The Query plus Tables case (groupjoinselect) also provides a pretty flexible approach for handling the data, so it’s pretty encouraging for other use cases too. Obvious the results will vary a lot based on number of columns and how they are used, but I thought other mind find this interesting too.

In Python, I’ve mostly done approach one or two, but that’s largely because of performance considerations, since Pandas is usually the fastest options, and their indexing API is not bad if you’re used to it.

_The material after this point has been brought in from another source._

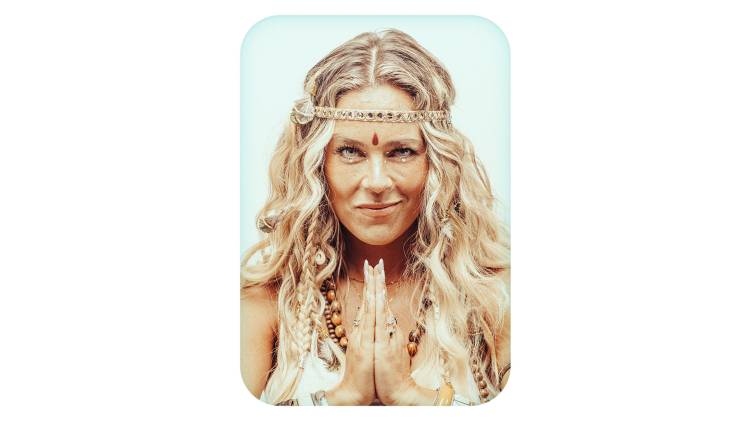 NAMASTÊ | INÊS AIRES PEREIRA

This example is part of my process of learning Julia so I might use it on the job for something more substantial.

2 Likes

This post is still very relevant Group-by performance benchmarks and recommendations - #9 by xiaodai

2 Likes

That’s a very interesting post. I book marked it for future reference as I work to solve some different applications. There’s so many different scenarios for groupby and join.